I don't know what will be left when my stepfather goes. I have his durable power of attorney for both financial and health. My brother does nothing on the other side of the country. Just where he wants to be with no responsibility. He'll just wait to see if a check arrives. He already got my stepfather's 1960's truck.

Leave anything you want to who you want. Your assets, your business. Just make sure it's taken care of legally if you fear anyone trying to challenge.

I have never told my brother about the power of attorney. I don't know if my stepfather has. I hope not.
 
mom and step father and a paternal aunt left me and my brothers money... dad left bills and stepmother had to declare bankruptcy and sell off everything and go live with her daughter..
 
I hate to sound mercenary, but a lot depends on how much you are leaving to your children.
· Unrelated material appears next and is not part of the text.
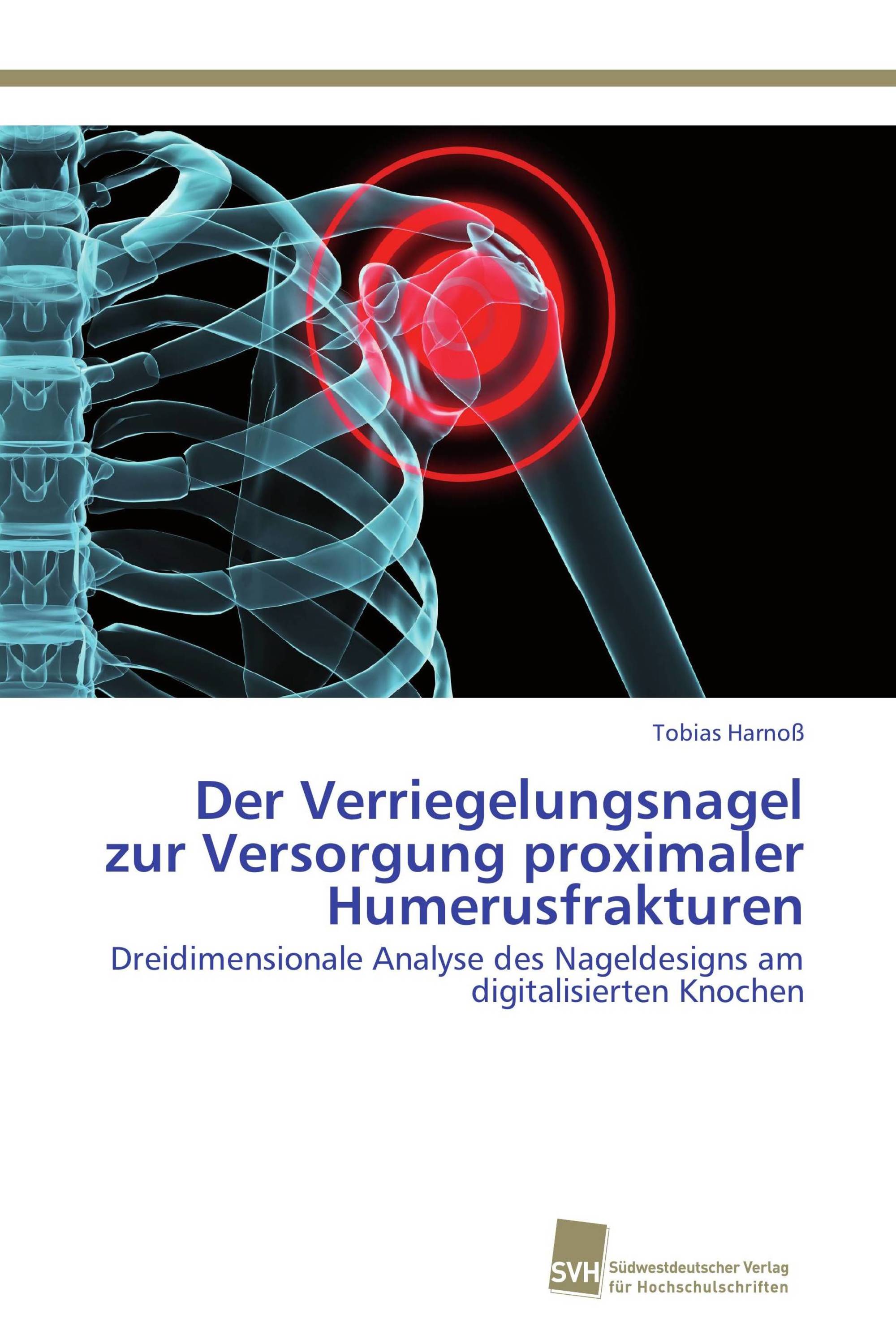 Der Verriegelungsnagel zur Versorgung proximaler Humerusfrakturen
There's a big difference in $300 and $300,000. I have absolutely no knowledge of trusts, etc., but I do think you should provide for your autistic son first. Then what's left, if any, divide equally with the others. Your passing isn't the time for recriminations, you have to be a mom.
 
There are many people on the spectrum, they each have their own special traits. Many are brilliant, have done well in school and college. They have been employed and make a good living. I hope that was the case for your son. If not, if his autism prevents him from living a good normal life he would be the one that could benefit from inheritance. This is not just leave the estate to the third child, it needs to be set up in some kind of trust that will help him long term. His brother and sister should accept this. To make sure of how to handle this please meet with an attorney and a financial advisor.
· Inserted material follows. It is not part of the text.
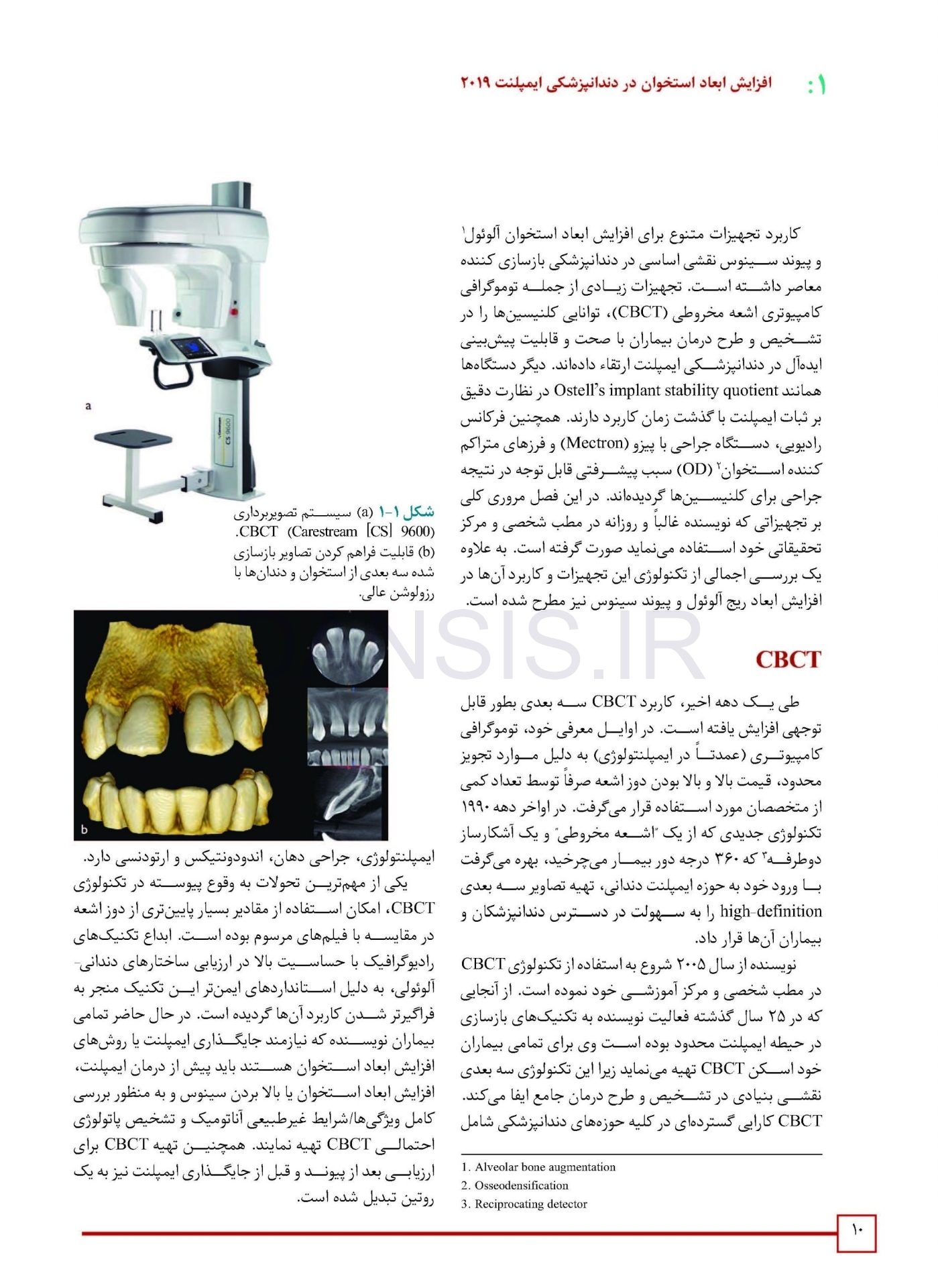 تصویر  افزایش ابعاد استخوان در دندانپزشکی ایمپلنت 2019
I think of this often now. Maybe instead of leaving my estate to my son I could set up a trust that would provide for generations of our family to go to college or trade schools in areas that appeal to them I am not nor was my husband raised in families with money. We did not suffer or struggle during our marriage but we were both used to making do with what we did have. I am fairly certain that my DIL will inherit when her mom passes, There were many deaths in her Mom's family, Grandparents on both sides of the family, there seemed to be no ill feelings, I hope that is still the case.

I have everything to go to my son. All accounts but one is set up POD. I have recently been thinking that this may not be the best thing. I know DIL will inherit so maybe I should put my monies back go be used for future education of my grandchildren. What do you think of this as an option?
 
Is it wrong to leave more of your assets to one child over another?
By wording your question with the word "wrong" it shows you are feeling anxiety about it. The fact that you have a special needs child means that they will need more resources than the others. Given that, the ultimate decision about dividing your inheritance is yours. If you have been trying to get back together with the daughter all these years, and if you really meant it, you would split your inheritance to include her. If you did not mean it, and you do not include her in your inheritance, then it would seal the nail on the coffin as to your relationship with her, excuse the pun. If it were me, no matter how my children treated me, they still are flesh and blood. I would rather give to them than to strangers.